Nonlinear differential equations may address the disjunction in archaeology between the post-processual goal of identifying individual social agency and widely used macroscale scientific methods. The mathematical methods of correlation and statistical significance that are widely used in archaeology are based on the normative scientific assumption that large scale causes are required to produce large-scale effects. In one scientific example, nonlinear patterns of climate change are modelled at the global macroscale, although they result from microscale changes. Statistical methods such as averages and correlations identify the significance of data as part of a large-scale pattern, such as an artifact type or associations from which culture-wide functions and meanings can be inferred (e.g., [71]: 185). While it is useful to statistically identify large-scale cultural patterns, this does not methodologically address small-scale or individual variability or agency, which are important in nonlinear processes. Significant small-scale or individual variations may be statistically averaged out in large-scale trends.

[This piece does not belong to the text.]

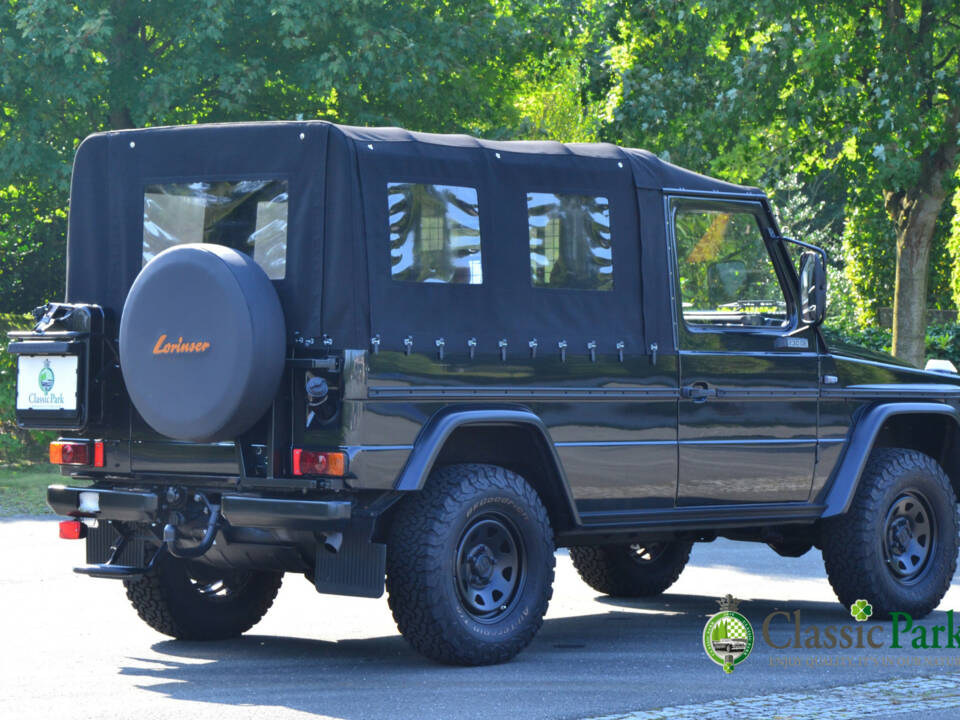 Afbeelding 13/49 van Mercedes-Benz 230 GE (SWB) (1900)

Nonlinear differential equations may be useful to adopt in post-processual archaeology because they model how small-scale variation that could be identified with individuals can causally lead to large-scale culture change. This means that archaeologists need to develop methods to realize the post-processual goal of identifying individual variations in producing material culture rather than discarding such variations as statistically insignificant random “noise.” Archaeologists need to pay attention to infrequent and unique aspects of material culture in order to be able to identify individual social agency. Post-processual theorizing of social agency may be enhanced with the concept of small-scale or even individual initial conditions that iterate to create a rapid divergence in the direction of a culture’s evolutionary path.

5.3. Internal Small-Scale Social Agency in Large-Scale Change

Nonlinear systems theory, feminist theory, and post-processual archaeology theorize the complex relationships between cultures and small-scale or individual social agency. All three theories posit some degree of reciprocal relationship between nonlinear systems that generate small or individual variations and the agency of individuals in changing the structure or evolutionary direction of a cultural system. In all three theories small-scale and individual variations are theorized to be produced within cultures, constrained by cultural rules, norms, laws, structural dichotomies, or habitus.

On the other side of the equation, all three theories posit the existence of individual social agency, with some differences. A number of applications of nonlinear systems theory are congruent with the post-processual concern for individual social agency. In particular, the field of distributed artificial intelligence analyzes cooperative self-organizing processes involved in individual learning (e.g., [21, 77]), and business applications have analyzed individual nonlinear decision-making processes in small group contexts (e.g. [29, 39]). Nonlinear models of distributed artificial intelligence have also been used to analyze individual social agency in self-organizing social structures. Post-processual archaeology could use these nonlinear models to expand its ability to analyze individual social agency in relationship to larger social groups.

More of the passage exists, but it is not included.